• **Brief descriptive captions**:
__________________________________________________

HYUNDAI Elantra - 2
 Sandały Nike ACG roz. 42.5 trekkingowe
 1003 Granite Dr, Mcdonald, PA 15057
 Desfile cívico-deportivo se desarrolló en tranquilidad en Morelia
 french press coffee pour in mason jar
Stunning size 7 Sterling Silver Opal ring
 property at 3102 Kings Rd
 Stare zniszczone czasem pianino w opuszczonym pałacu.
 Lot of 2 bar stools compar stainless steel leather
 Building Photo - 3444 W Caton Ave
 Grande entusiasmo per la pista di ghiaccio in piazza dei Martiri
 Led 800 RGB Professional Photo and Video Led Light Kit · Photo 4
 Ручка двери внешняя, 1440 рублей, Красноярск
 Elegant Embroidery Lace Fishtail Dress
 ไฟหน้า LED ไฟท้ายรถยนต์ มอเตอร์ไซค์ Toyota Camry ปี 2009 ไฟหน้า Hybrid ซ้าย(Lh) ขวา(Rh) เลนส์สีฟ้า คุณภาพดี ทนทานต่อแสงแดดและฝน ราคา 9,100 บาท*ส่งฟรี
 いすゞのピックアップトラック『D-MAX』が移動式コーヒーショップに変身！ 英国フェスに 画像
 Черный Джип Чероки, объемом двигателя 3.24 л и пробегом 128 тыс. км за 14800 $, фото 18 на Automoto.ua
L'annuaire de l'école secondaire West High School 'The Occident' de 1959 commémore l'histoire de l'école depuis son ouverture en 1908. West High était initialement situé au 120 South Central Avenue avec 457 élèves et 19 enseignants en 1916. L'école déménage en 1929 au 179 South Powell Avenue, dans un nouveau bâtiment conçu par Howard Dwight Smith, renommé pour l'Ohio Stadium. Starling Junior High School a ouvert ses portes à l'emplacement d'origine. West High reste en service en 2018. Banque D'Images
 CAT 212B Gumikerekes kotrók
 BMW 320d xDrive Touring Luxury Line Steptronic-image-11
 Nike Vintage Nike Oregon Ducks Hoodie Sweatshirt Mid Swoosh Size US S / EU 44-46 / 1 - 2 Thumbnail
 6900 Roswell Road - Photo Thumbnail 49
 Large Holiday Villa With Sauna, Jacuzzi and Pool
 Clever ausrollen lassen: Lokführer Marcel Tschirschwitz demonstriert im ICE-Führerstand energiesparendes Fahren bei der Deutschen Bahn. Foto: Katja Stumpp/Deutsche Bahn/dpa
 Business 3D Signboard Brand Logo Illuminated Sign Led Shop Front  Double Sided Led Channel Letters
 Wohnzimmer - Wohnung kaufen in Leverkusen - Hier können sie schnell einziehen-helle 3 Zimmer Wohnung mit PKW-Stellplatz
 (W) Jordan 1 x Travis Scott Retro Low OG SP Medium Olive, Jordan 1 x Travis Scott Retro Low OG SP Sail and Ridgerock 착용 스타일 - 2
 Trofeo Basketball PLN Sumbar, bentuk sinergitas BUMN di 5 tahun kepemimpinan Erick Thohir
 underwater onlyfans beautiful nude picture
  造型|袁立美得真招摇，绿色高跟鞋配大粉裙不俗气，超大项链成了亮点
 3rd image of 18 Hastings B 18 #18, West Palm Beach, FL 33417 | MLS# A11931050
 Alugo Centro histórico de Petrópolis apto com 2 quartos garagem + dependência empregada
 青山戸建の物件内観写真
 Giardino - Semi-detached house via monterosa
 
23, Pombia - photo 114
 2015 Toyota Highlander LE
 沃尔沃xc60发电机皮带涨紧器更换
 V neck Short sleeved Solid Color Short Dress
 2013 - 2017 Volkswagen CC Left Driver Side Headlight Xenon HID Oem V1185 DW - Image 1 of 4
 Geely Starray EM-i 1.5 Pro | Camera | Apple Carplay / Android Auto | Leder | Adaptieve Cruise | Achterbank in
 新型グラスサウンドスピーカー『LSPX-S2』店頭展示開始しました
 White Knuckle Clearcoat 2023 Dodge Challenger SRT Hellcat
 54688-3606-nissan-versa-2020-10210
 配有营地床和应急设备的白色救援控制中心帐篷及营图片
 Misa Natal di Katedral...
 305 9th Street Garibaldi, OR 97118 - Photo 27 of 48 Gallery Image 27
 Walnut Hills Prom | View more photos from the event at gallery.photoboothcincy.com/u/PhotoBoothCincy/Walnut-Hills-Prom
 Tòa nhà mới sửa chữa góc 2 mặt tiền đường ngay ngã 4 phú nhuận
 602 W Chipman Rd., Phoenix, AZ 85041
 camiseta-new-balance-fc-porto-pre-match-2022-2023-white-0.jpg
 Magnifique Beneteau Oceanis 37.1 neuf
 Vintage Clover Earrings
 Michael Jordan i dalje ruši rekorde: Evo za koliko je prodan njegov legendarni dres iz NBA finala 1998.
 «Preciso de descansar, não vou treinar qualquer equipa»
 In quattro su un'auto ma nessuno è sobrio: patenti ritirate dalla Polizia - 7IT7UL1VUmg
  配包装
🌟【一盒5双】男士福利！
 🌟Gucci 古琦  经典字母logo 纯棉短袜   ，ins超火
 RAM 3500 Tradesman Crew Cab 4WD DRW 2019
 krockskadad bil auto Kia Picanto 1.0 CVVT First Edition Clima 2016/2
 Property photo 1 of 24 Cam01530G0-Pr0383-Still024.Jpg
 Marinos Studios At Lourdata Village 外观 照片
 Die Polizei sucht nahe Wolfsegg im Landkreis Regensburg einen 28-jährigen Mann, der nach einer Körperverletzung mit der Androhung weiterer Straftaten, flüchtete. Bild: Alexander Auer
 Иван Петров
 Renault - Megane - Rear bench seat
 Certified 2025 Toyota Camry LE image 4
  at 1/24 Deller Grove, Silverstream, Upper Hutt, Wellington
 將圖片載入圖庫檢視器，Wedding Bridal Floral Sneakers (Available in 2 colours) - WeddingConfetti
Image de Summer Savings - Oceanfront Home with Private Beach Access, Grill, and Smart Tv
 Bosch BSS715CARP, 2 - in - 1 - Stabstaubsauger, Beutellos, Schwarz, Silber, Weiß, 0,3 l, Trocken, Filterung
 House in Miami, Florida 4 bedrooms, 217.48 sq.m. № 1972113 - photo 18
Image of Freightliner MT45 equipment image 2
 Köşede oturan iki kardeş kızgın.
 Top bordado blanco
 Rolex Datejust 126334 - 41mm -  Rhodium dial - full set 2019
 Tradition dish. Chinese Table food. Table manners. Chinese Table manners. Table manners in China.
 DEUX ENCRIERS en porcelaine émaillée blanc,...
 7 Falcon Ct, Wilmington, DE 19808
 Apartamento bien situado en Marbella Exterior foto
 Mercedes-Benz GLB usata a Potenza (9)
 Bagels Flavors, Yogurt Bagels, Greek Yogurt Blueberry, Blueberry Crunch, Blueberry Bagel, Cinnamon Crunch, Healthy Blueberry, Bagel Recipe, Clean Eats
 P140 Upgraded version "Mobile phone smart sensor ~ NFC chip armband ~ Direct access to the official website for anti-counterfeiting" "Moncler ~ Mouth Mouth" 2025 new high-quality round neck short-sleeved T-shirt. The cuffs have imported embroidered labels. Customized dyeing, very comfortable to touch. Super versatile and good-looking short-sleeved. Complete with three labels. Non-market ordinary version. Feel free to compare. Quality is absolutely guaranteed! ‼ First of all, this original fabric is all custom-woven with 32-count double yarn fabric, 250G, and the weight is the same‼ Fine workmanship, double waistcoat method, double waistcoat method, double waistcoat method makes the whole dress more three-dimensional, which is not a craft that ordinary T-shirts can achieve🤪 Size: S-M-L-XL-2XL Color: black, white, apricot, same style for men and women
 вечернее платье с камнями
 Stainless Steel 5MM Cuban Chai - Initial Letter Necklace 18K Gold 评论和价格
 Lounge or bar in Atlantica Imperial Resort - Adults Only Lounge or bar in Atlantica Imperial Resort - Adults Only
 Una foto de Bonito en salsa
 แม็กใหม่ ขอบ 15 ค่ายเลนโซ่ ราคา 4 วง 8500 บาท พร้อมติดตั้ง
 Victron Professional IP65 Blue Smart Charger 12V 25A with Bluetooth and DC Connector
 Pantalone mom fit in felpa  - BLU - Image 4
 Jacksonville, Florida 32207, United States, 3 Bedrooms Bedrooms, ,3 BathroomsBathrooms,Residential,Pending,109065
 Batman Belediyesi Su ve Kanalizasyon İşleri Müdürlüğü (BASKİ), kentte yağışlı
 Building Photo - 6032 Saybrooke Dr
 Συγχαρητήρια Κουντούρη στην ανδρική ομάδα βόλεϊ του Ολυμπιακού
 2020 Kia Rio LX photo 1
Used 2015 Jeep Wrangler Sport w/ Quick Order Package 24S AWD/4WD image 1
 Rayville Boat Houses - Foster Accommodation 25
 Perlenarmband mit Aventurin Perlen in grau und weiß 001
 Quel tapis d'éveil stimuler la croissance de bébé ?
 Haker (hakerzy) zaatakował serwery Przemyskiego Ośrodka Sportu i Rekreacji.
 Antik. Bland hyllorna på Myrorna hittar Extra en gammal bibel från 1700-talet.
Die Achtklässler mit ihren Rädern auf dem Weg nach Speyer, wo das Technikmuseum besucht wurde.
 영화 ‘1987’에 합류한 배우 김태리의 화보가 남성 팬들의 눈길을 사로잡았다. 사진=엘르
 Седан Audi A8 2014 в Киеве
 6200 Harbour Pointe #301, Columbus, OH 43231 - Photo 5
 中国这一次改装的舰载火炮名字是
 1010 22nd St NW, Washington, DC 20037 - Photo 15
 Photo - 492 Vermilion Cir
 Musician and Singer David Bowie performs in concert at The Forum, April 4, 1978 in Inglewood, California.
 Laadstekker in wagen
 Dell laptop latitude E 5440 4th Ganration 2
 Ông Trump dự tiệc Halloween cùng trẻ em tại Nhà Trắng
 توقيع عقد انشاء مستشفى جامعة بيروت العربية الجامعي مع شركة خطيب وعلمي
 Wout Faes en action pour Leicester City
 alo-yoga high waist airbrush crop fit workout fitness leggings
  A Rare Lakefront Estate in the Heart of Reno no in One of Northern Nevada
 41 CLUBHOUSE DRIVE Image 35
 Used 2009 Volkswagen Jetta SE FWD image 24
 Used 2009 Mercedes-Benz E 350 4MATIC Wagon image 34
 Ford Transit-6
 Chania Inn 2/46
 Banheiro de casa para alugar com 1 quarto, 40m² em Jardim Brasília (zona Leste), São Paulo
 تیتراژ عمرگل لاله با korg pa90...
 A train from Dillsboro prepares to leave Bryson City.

__________________________________________________

• **Exercise aim**:
Set down, exactly as they appear above, all lines from the one that has "вечернее платье с камнями" down to the one that has "Haker (hakerzy) zaatakował", including those two and no others.

• **Answer section**:
 вечернее платье с камнями
 Stainless Steel 5MM Cuban Chai - Initial Letter Necklace 18K Gold 评论和价格
 Lounge or bar in Atlantica Imperial Resort - Adults Only Lounge or bar in Atlantica Imperial Resort - Adults Only
 Una foto de Bonito en salsa
 แม็กใหม่ ขอบ 15 ค่ายเลนโซ่ ราคา 4 วง 8500 บาท พร้อมติดตั้ง
 Victron Professional IP65 Blue Smart Charger 12V 25A with Bluetooth and DC Connector
 Pantalone mom fit in felpa  - BLU - Image 4
 Jacksonville, Florida 32207, United States, 3 Bedrooms Bedrooms, ,3 BathroomsBathrooms,Residential,Pending,109065
 Batman Belediyesi Su ve Kanalizasyon İşleri Müdürlüğü (BASKİ), kentte yağışlı
 Building Photo - 6032 Saybrooke Dr
 Συγχαρητήρια Κουντούρη στην ανδρική ομάδα βόλεϊ του Ολυμπιακού
 2020 Kia Rio LX photo 1
Used 2015 Jeep Wrangler Sport w/ Quick Order Package 24S AWD/4WD image 1
 Rayville Boat Houses - Foster Accommodation 25
 Perlenarmband mit Aventurin Perlen in grau und weiß 001
 Quel tapis d'éveil stimuler la croissance de bébé ?
 Haker (hakerzy) zaatakował serwery Przemyskiego Ośrodka Sportu i Rekreacji.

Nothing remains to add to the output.